Margaux ne m’a pas répondu, ça m’inquiète. Elle devait avoir deux rdv hier, mais elle n’est pas venue, du moins pas au premier quand j’attendais mon rendez-vous à moi avec Léo devant la cafette. J’ai envie de l’appeler, mais je me retiens. Elle a peut-être juste besoin de se retrouver un peu.

Cette nuit, j’ai rêvé de ma directrice de thèse. Dans mon rêve, nous étions d’abord chez moi – elle devait apparemment dormir chez moi – mais elle n’y arrivait pas. Nous sommes allées chez elle, où il y avait deux enfants en plus de ma puce, deux garçons qui étaient censés être ses petits-fils. Il y avait des jouets partout. J’ai essayé d’avoir une conversation avec elle à propos de ma thèse, mais elle s’est vite agacée. C’était douloureux.

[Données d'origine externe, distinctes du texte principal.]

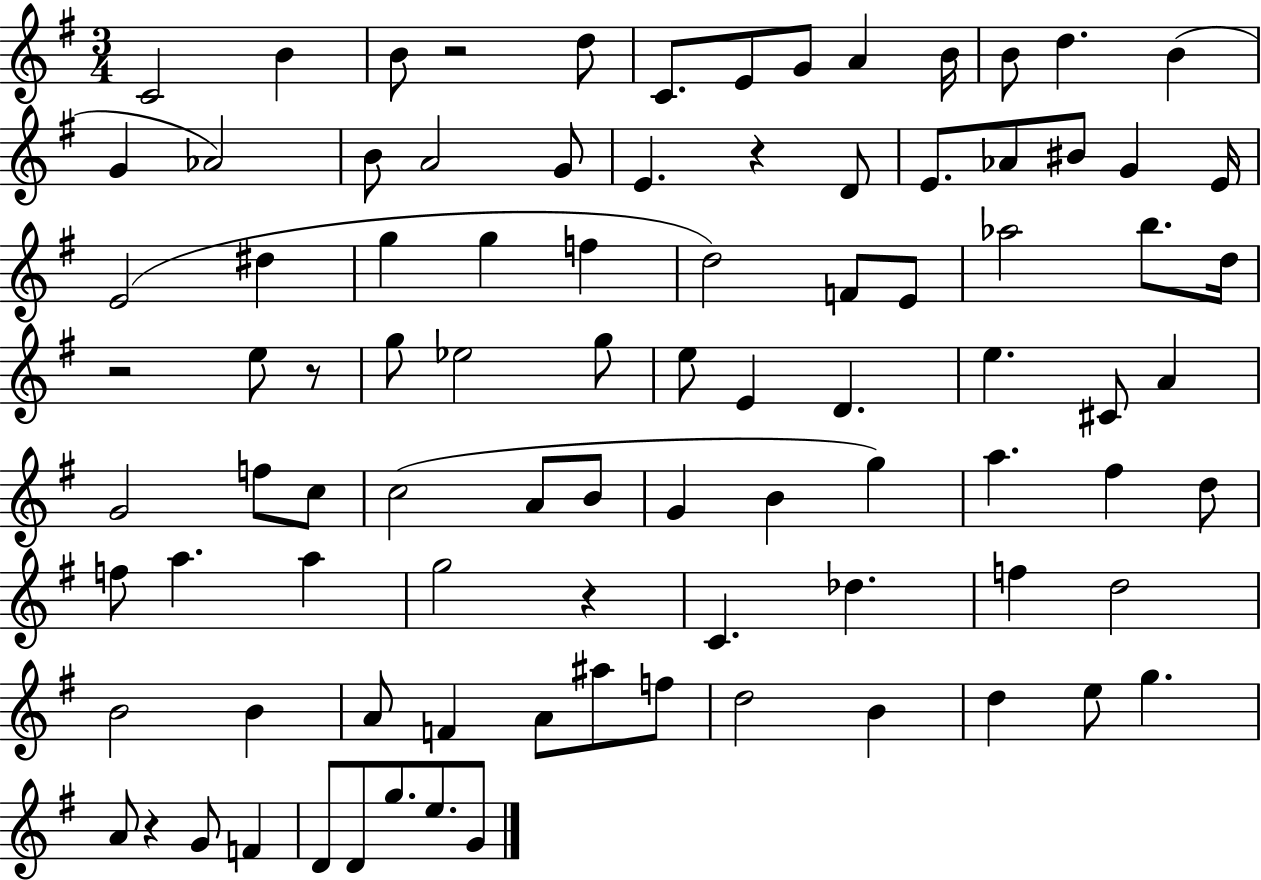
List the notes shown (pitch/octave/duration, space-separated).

C4/h B4/q B4/e R/h D5/e C4/e. E4/e G4/e A4/q B4/s B4/e D5/q. B4/q G4/q Ab4/h B4/e A4/h G4/e E4/q. R/q D4/e E4/e. Ab4/e BIS4/e G4/q E4/s E4/h D#5/q G5/q G5/q F5/q D5/h F4/e E4/e Ab5/h B5/e. D5/s R/h E5/e R/e G5/e Eb5/h G5/e E5/e E4/q D4/q. E5/q. C#4/e A4/q G4/h F5/e C5/e C5/h A4/e B4/e G4/q B4/q G5/q A5/q. F#5/q D5/e F5/e A5/q. A5/q G5/h R/q C4/q. Db5/q. F5/q D5/h B4/h B4/q A4/e F4/q A4/e A#5/e F5/e D5/h B4/q D5/q E5/e G5/q. A4/e R/q G4/e F4/q D4/e D4/e G5/e. E5/e. G4/e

Je suis fatiguée et speed en même temps. J’aimerais finir mon cadeau pour Lucie, mais je peine même à le commencer. Pourtant il faut bien commencer quelque part avec quelque chose… J’ai tellement de projets en tête, mais je n’arrive à rien faire du tout.

Des flashs de mon hospitalisation me reviennent et ça fait mal. Le mot “lésée” en particulier. Le sentiment de ne pas exister. Le sentiment qu’on me prenait pour une enfant gâtée.